The Power To Judge Both Law and Fact

These innocent little words have colossal legal meaning. By giving its Special Grand Jury the "power to judge both law and fact," Amendment E empowers its jurors to interpret the law - that is, to decide whether or not to uphold or reject, ignore or amend a law without having to answer to any branch of government or to you.

This is another wolf in sheep's clothing Branson and his minions want you to slip into our statutes. They're based on his radical belief in something called a "jury veto."

"Trial jurors retain the right to veto, or 'nullify' bad laws," Branson writes on his website, jail4judges.com (Wrong website-- go to Jury Nullification -j4j)

Not only is that false, but think about the fallout if juries arbitrarily decided - without being accountable to anyone - which laws are bad and which are good. It would jeopardize any protection or security you expect from a fair, impartial court system. And that's exactly what will happen with this contrived Special Grand Jury: it can reject any law it doesn't like - any law, including all your Constitutional rights.

The place the fallout will have its most caustic effect? The South Dakotan economy. Without stable, impartial courts to enforce laws fairly and reliably, the financial institutions that rely on consistent application of the law will take other steps to protect themselves. If our laws become vulnerable, banks, which are perhaps the most risk-adverse businesses anywhere, will become vulnerable. South Dakota's financial institutions agree that, if South Dakota suddenly created a new branch of government that could arbitrarily ignore laws without being accountable to any other branch of government, business and personal credit in the state would dry up overnight. That means home loans, student loans, business loans, farm and ranch operational loans and more would either disappear, become very difficult to obtain, or become prohibitively expensive. All because this Special Grand Jury gets "the power to judge both law and fact."

Why look to a jury to arbitrarily reject the laws of the land? Because Amendment E supporters haven't succeeded challenging laws in the conventional arena of the legislature. Now, they attack what they call "activist judges" with what we might call "activist juries." The laws they can't stop our duly elected legislators from passing, they simply can ask a jury to repeal.

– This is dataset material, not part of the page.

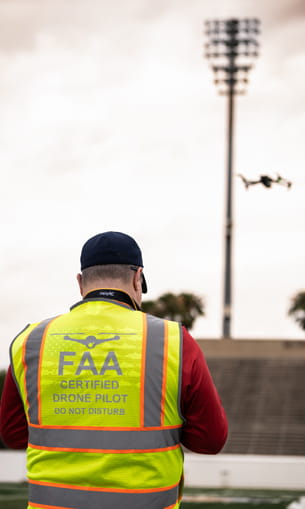 A person in a safety vest operating a drone outside.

Branson has rarely been on the winning side of a battle with government officials - and never met a court he didn't want to attack. The so-called jury veto is perhaps his favorite weapon in his fights against the court system, and, in his fanaticism against it, he has tried to get us to write it into our Constitution with these eight simple but devastating words. Don't let the wolf into the fold.

Our response:

The quoted statement "Trial jurors retain the right to veto, or 'nullify' bad laws," did not originate with J.A.I.L. The J.A.I.L. News Journal titled "Jury Nullification" quoting that statement is taken from "Jury Veto Power" at http://www.nowscape.com/fija/_abhope.htm.  A Google search of that quoted statement will bring up many references, including "Jurors' Handbook, A Citizens Guide to Jury Duty" at http://www.caught.net/juror.htm which gives a good history on jury power, stating that jury nullification predates the Constitution. There are many other sources of information and authority on this subject.  

For the No-On-E Club to state that the statement is "false" does a grave disservice to South Dakotans. A Google search of Trial jurors retain the right to veto, or 'nullify' bad laws will prove that their contention is false --not the quoted statement about the jurors' right to veto bad laws. The purpose of that right is explained in detail in a number of sites on the internet brought up by the Google search. Another source of information about jury power is found in a booklet titled "Citizens Rule Book."

Amendment E will educate the legal fraternity and government bureaucrats of the true role of a jury, and particularly the Special Grand Jury which represents the participation of the People in being the final check on government. A jury is not part of government-- it is the People who are sovereign by nature and accountable only to their Creator.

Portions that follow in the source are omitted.